El caso de Woody Allen es el ejemplo a mano que siempre tendrán aquellos que gustan de acusar a los críticos de cine de ser snobs. Porque no hay caso: Blue Jasmine merece (¡otra vez! ¿cuántas van?) un “Excelente”. Sólo hay que ponerse un poco en los zapatos del crítico que tiene que analizar aspectos expresivos, narrativos y técnicos de un film.
Expresivos: la nueva película del pequeño genio neoyorquino retoma la mirada crítica que filmes más “adorables” como Medianoche en París o A Roma con amor habían resignado en pos de otro plan. Por medio de Jasmine French (el personaje interpretado con relieve, matices y maestría por Cate Blanchett), Woody deja los personajes queribles y vuelve a trazar los rasgos primordiales de un ser siniestro, frágil, odioso, seductor, antihéroe. Realista. Pero la provocación no se detiene allí. Acostumbrado, desde hace décadas, a reflejar la problemática de las clases medias-altas y altas (para hablar de los suburbios allí está el otro genio ya anciano: Clint Eastwood), esta vez Allen da vuelta la tortilla y muestra otra cara de la riqueza: lujo, confort y glamour que son, en realidad, estafa, pose y la palabra prohibida entre las prohibidas al momento de hablar de elegantes mujeres de la high-society: ¿prostitución? ¡Jamás! Eso queda para otro tipo de mujeres. Para las esposas millonarias de turbios empresarios del sector privado deben utilizarse vagos eufemismos: “frivolidad” tal vez, quizá cierto grado de “desconocimiento”, la confianza traicionada.
Narrativos: el film comienza el derrotero de la empastillada Jasmine con un feroz paso atrás: la pobre (ahora en todos los sentidos) mujer debe molestar a su hermana pobre (en el sentido literal) pidiéndole alojamiento en una San Francisco que no tiene, ni por asomo, el nivel de Manhattan. Allen se ha reservado varios datos: qué sucedió con el dinero, con el esposo, con el hijo. Al punto de partida narrativo que supone la pérdida de la fortuna, el director y guionista suma expectativa, esa inquietud que crece en el espectador y lo hace quedarse pegado a la butaca en busca de saber más. Porque después de la depresión, o mejor dicho, al tiempo de la depresión, Jasmine traza un plan honesto que pronto modificará. Eso de trabajar es para indignos.

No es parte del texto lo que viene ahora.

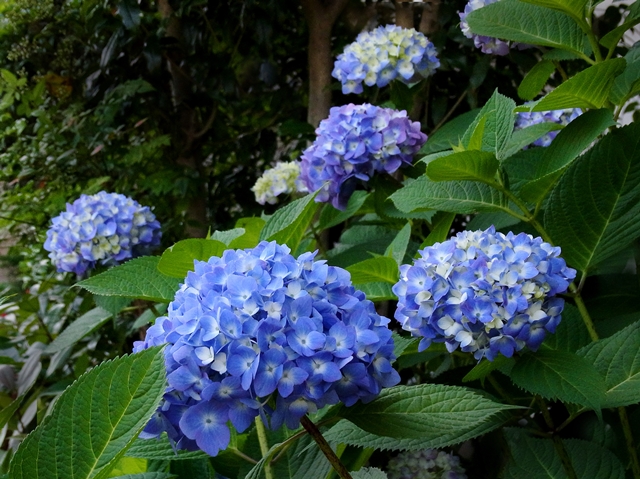 640R0030150.jpg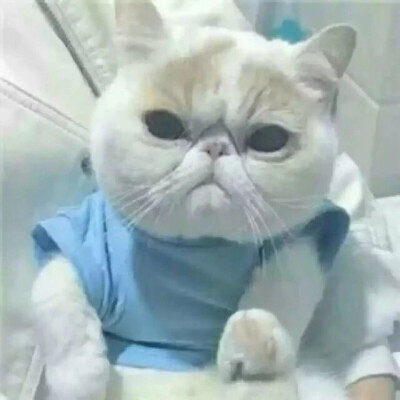 猫 吸猫 头像 表情包 可爱 撸猫墙QQ：18589700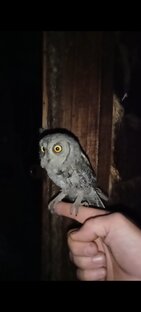 Братья наши меньшие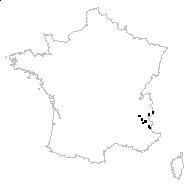 Cerastium filiforme Schleich. ex Gaudin - carte des observations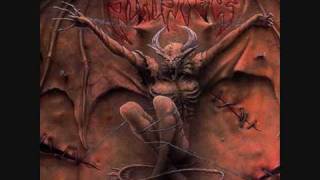 Sinister - Rebels Dome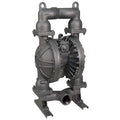 Double Diaphragm Pump, Cast iron, Air Operated, Santoprene, 215 GPM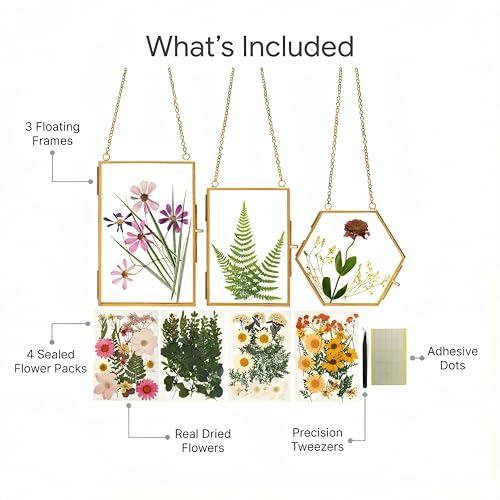 Relaxing Garden Pressed Flower Frame Kit - 3 Hanging Glass Botanical Wall Decor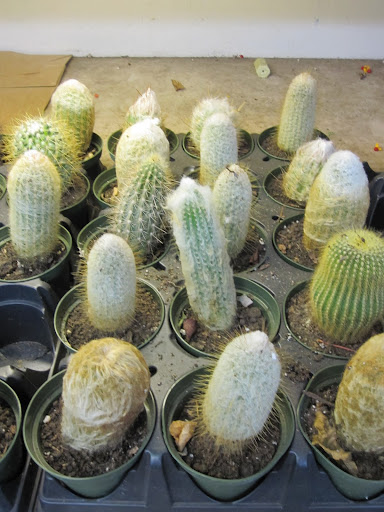 A selection of cacti are available for simple house plants.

Quedaría, para finalizar, el análisis de las resoluciones técnicas de la película. Pero luego de la tradicional presentación con tipografía romana sobre fondo negro, Woody Allen vuelve a explicar que, en cine, la técnica debe ayudar a aquello por contar: la historia. Lección de austeridad cinematográfica que reivindica la vieja sentencia de que no es más rico quien más tiene sino quien menos necesita: con su sencillez en la cámara y una edición impecable (fruto de un guión de precisión quirúrgica), Blue Jasmine reconstruye sus dos mundos con sinceridad, sin exageraciones; entrega y oculta información en dosis justas; saca de cada nombre (Alec Baldwin, Sally Hawkins, Andrew Dice Clay, Bobby Cannavale, Peter Sarsgaard) el mayor jugo interpretativo y, combinando todo esto, alcanza la cima expresiva-narrativa-técnica: quitar solemnidad a los momentos cumbres y dar relieve a los mundanos.
Jasmine transpira cada vez más. Sus ideas se agotan, el Xanax causa menos efecto, el alcohol escasea. Con la copa cada vez más vacía, la pobre enfrenta a la pregunta del millón en lo que a mujeres como ella respecta: ¿“Con quién me tengo que acostar para tomar un Martini?”.